Pero papá esperó, esperó a que llore todo lo humanamente posible y luego se me acercó bajo el árbol donde pasaba horas recordando a mi pequeño amigo, se sentó junto a mí y me abrazó, no dijo nada hasta que levanté la vista.  

—No deberías estar así —me dijo en aquel entonces.  

—Yo lo quería mucho —tenía la voz ronca a causa del llanto.  

—Lo sé, pero tienes que entender que es el ciclo de la vida, nadie es eterno, algún día Fang tenía que partir.  

—Pero era muy pequeño —susurre.  

—Pero esa es la ironía de la vida, naces siendo pequeño pero no tienes que ser justamente grande a la hora de partir.  

—¿Por qué no se puede ser eterno?  

—Lo seremos algún día, cuando Jesús regrese, pero mientras tanto si morimos debemos de esperar para reencontrarnos en el cielo.  

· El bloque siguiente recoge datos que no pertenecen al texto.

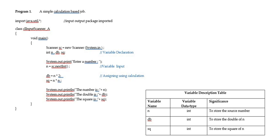Now, come to DB. Data type integer. Its work is to store the double of N. SQ to store the square of N.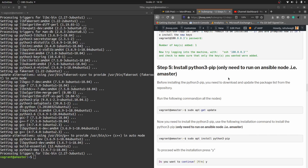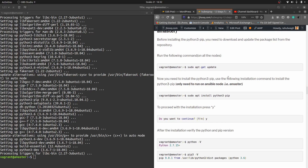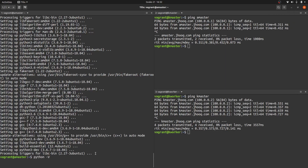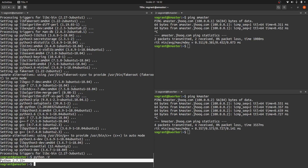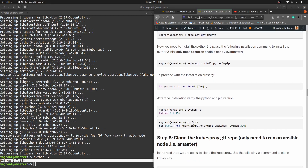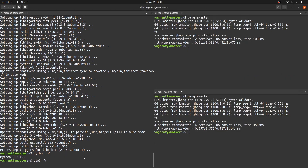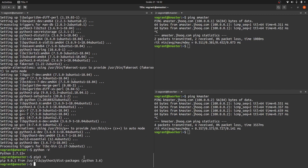Before moving to the next step, let's verify the Python version using 'python -v' to confirm it's installed correctly. Then verify pip as well using the pip version command. Both Python and pip are confirmed installed. Let's move to the next step.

—Entonces, ¿Voy a volver a ver a Fang?  

—Por supuesto —lo abracé contenta de saber que algún día volvería a jugar con el pequeño caniche— ¿Papá?  

—Dime, pequeña.  

—Prométeme que tú no morirás joven, que morirás cuando tengas ciento cincuenta años y yo ya esté ciega y no pueda verte.  

—Lo prometo....  



Pero no cumplió su promesa, murió a los cuarenta y seis años de edad, cuando yo aún no soy ciega y puedo ver en este cajón su cuerpo sin vida, un cuerpo que jamás volverá a darme calor en sus tiernos abrazos y que de sus labios ya no brotarán los sabios consejos solo mi papá sabe dar, o mejor dicho, solía. Es injusto pensar que deseas que haya un culpable por la muerte de alguien para que el dolor sea menos, al menos en este caso, pero nadie es culpable, mi papá no resistió la intervención quirúrgica y terminó partiendo como Fang de mi lado, dejando un vacío en mi pecho que no creo encontrar la pieza necesaria para enmendarlo. Ver sus ojos cerrados con una expresión de paz en el rostro –un rostro al que veré esta última vez–, termina por echar al suelo las fuerzas que aún me quedaban para dejarme débil y sin ganas de vivir.  

—Te prometí que prepararía la pizza casera que tanto te gusta ¿cómo puedes dejarme con las ganas de hacerla? Íbamos a engañar a mamá para que no se de cuenta, no puedes irte y dejarme con una travesura planeada, simplemente no puedes irte... —Tomo su mano fría en mis manos y lloro en silencio, ya no puedo gritar porque la garganta se me secó y la voz me falla al intentar utilizarla elevadamente— Me prometiste que cumplirías ciento cincuenta años, siempre fuiste un hombre de palabra deberías haberla cumplido. No puedes dejarme papá, ¿Cómo continuaré con mi vida si no estás? ¿Quién me dará consejos si tú no? ¿Quién me defenderá de los regaños de mamá?  

»¿Quién me dará ese abrazo cálido y lleno de amor que solo tú eres capaz de dar? Desearía que sea sólo una pesadilla y que tú aún estés esperando el transplante en aquella habitación donde prometiste que nos veríamos luego, pero solo yo puedo verte y no de la forma que esperé, yo quería correr junto a ti como en las películas cuando las personas se reencuentran, pero mi imaginación cursi se fue contigo, como se va el verano cuando empieza el otoño; pero más que otoño, mi vida será un invierno sin ti, papá, sin la calidez de tus palabras, de tus abrazos, sin ti...  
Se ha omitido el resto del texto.